Beyond that was grassland, and the ground fairly smooth, and I knew I should quicken our pace. I moved my mare into a canter, and the second horse tossed its head and whinnied in irritation at the feel of Gyric’s weight against its neck. I slowed, and drew the second horse closer, and spoke to Gyric, but he answered not. I placed my hand on his back, and felt him breathe, and so resolved I must go on at a canter and so make distance between us and Four Stones.
We gained the pond, which looked a dark well now that the Moon had set. I slowed our pace as we circled around it, for the ground was so
ft and our horses liable to stumble. I found the stream that Meryth spoke of, and we picked our way along it. Open land lay on either side, and I moved away from the stream bed to gain firmer ground. We went on, and whenever it seemed safe I urged the horses into a canter.

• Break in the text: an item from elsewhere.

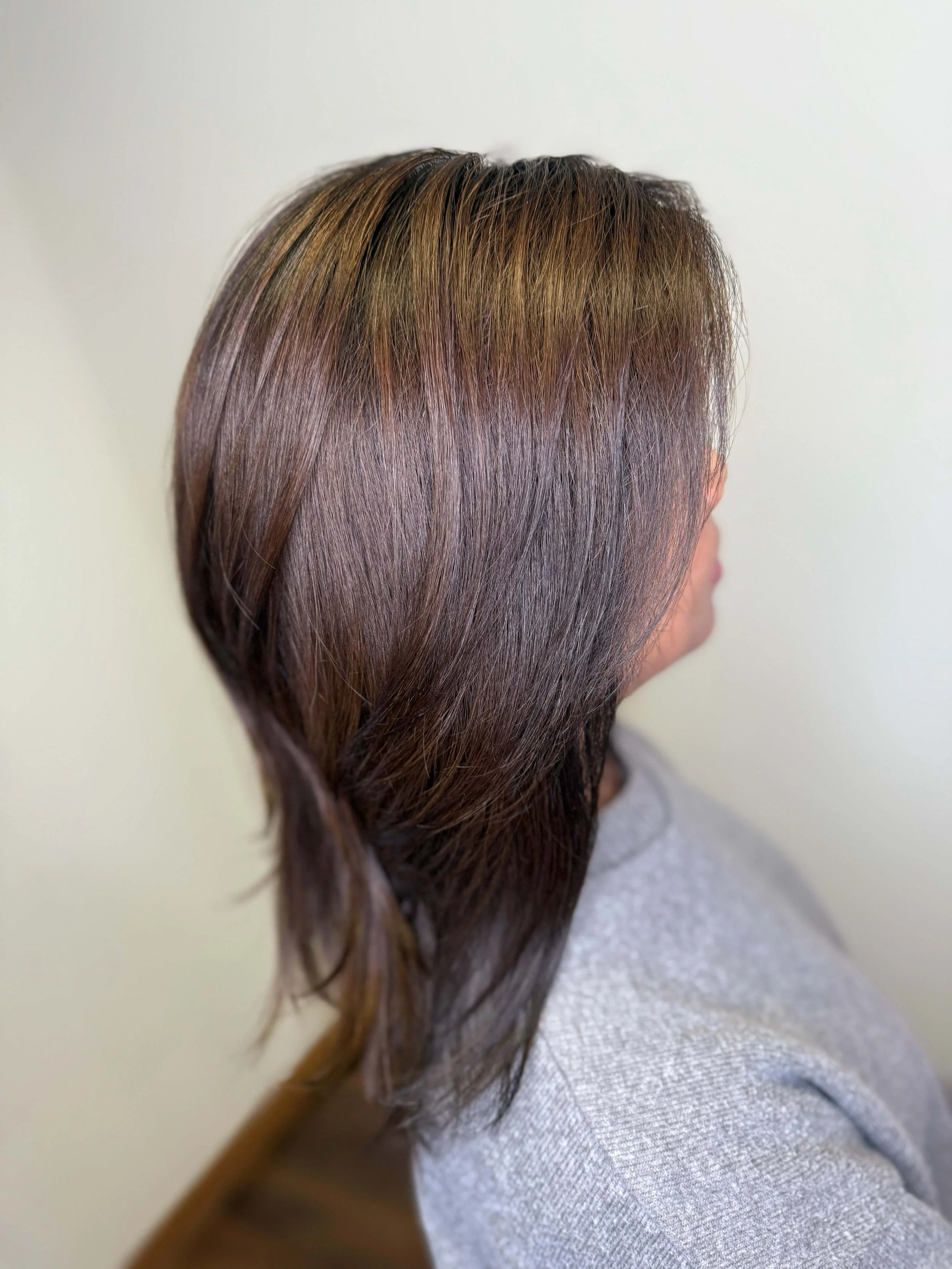 Side view of a woman's layered brown hair with subtle highlights.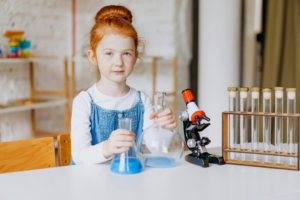 A Girl Holding Flasks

I must believe, I told myself, that Eomer would get back safe, and that the Dane that guarded the cellar would not wake until morning, and that no one would check on Gyric until sometime after that. But as I repeated these thoughts to myself, I saw that any one of them might not be true; that Eomer might at that moment be forced, under pain of death, to tell how and where he had left us; and that Danes now were saddling their horses to ride after us. Sidroc and Yrling would not be leading them; what would happen to me when they found us? I knew the answer too well, and did not think that Sidroc’s claim to me would carry weight with such men at that moment, for to them I would be a renegade and a thief, guilty of treason. This thought chilled me so that I stopped our horses, and with trembling fingers opened my satchel and searched until I found my seax, and tied it firm about my waist. Not that I thought I could in any way repel the Danes, armed with their spears and swords, but that I might thrust it in my own breast before they caught me. Then I thought: What further torment might they put Gyric to? Or would they end his life at once?

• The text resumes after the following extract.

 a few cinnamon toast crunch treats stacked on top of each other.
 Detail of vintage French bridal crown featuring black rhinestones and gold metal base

These thoughts were pure anguish, and I forced myself to turn from them. I drew forth the bell Meryth had given me, and gently let the clapper fall against the bronze wall of it. It made only the slightest tinkle, and I held it and with good force shook it, and its metal voice rang out, bright and loud.
I rang it again, and again, and then urged my mare into a canter. We went so fast that no one on foot could catch us, but if Gwenyth and her son heard it, they might call out to us, and stop us that way.

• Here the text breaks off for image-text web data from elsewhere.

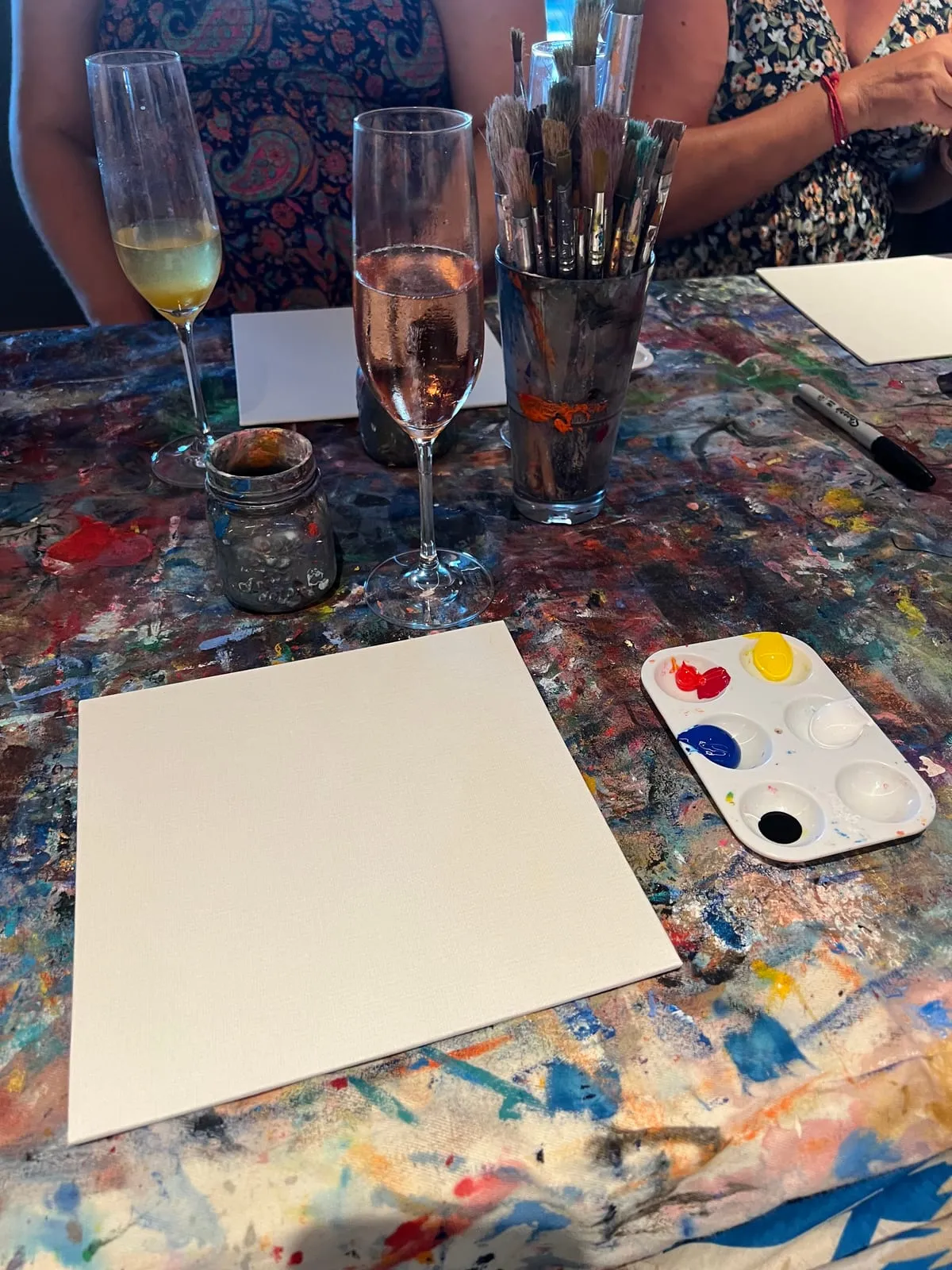 A blank canvas on a paint-caked table next to a palette of red, yellow, blue, black and white, a jar of brushes and two glasses of wine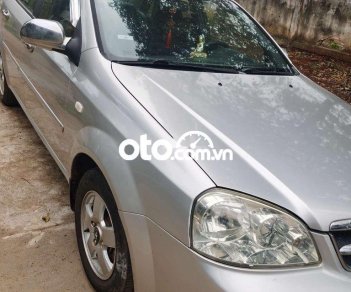 Daewoo Lacetti  MT 2010 - Bán ô tô Daewoo Lacetti MT năm 2010, màu bạc 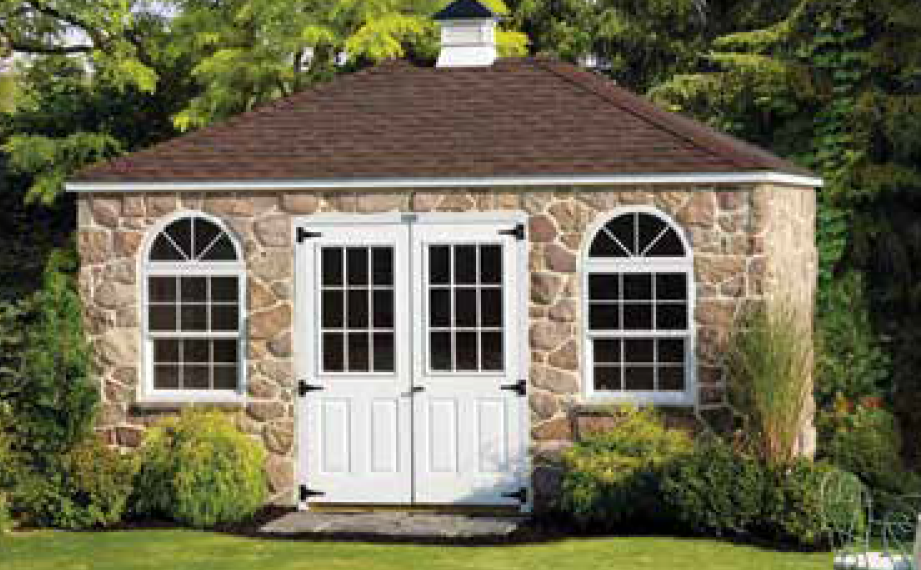 Shed with stone siding a shed with a weather vane on top of it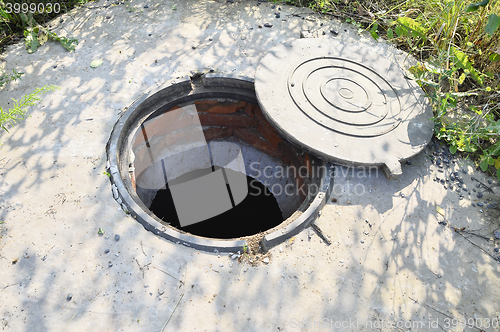 Image of Concrete cesspit with an open hatch on the ground in the summer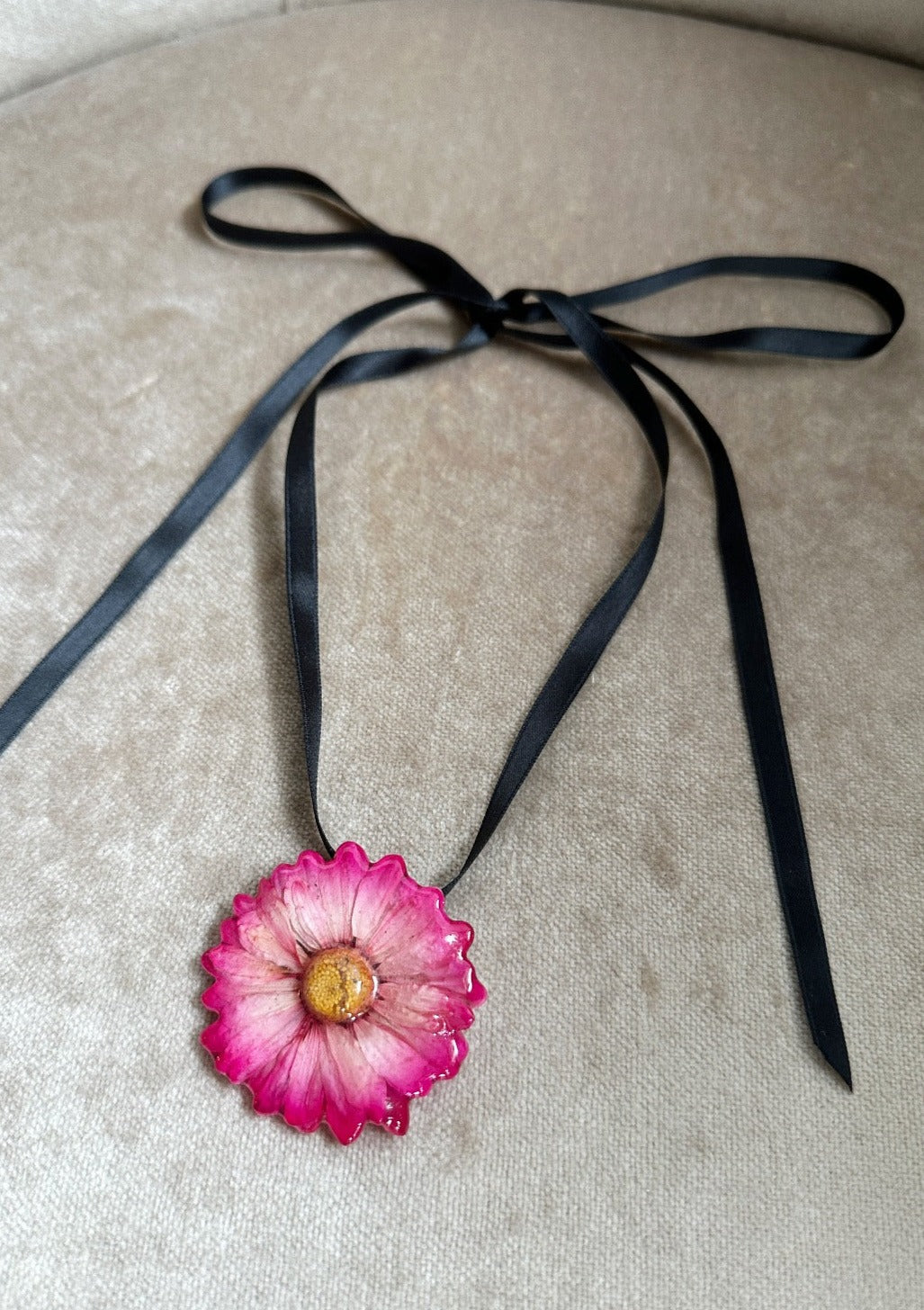 Pink daisy preserved in resin and suspended from a black satin ribbon.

We made our way through the grasslands, skirting the marsh, and keeping within easy distance of the stream. I stopped many times to speak to Gyric, calling his name and placing my hand on his back or brow to see if he still lived.
I went as fast as I thought safe for him, for to carry him out alive and deliver him to some safety was the whole goal of my leaving, so nothing would be accomplished if I killed him by hard usage upon the road. We went on and on, walking and cantering as we could, and with me ringing the bell often as we went.
The sky above grew darker, and the stars were obscured by a thin haze of cloud, and we must only walk for fear of our horses stumbling. Then the first birds sang out, and the sky paled from its inky darkness, and I knew that dawn was come.
It came fast, and the grey of first light gave way to yellow and then pink streaks in the heavens. Gyric’s horse grew clearer to me; it was a big black gelding. I looked around us and for the first time saw the stream, still dark in its grassy path, and the bold dark line of thick trees across the plain from us.
I was tired, and clammy, and growing cold from my wet clothes, which had dried but little; and Gyric was soaked through. Yet as I turned back to look along the stream bed I felt we must not stop so soon, but try to add to the miles between us and Four Stones. I came up even to Gyric’s head, and placed my hand upon his back, and said, “Gyric, we must go on, for one hour more. Then we will find shelter and rest.”
And I spoke thus as much to hear my own voice as to tell him this, for he answered not. I urged our horses into a canter, ringing the bell the whole time. The Sun was shining down on us now, and on the grasslands dry and wide between stream and forest. We would be easy to see if anyone, friend or foe, searched for us.
“We will stop now, Gyric,” I said, and tied the bell to my sash. I swung down from my mare and nearly fell, so wobbly were my legs. I led both horses to the stream, and with my hands braced Gyric upon his saddle, and the horses bent their necks and drank long. I remounted, and turned our horses across the grass to the forest.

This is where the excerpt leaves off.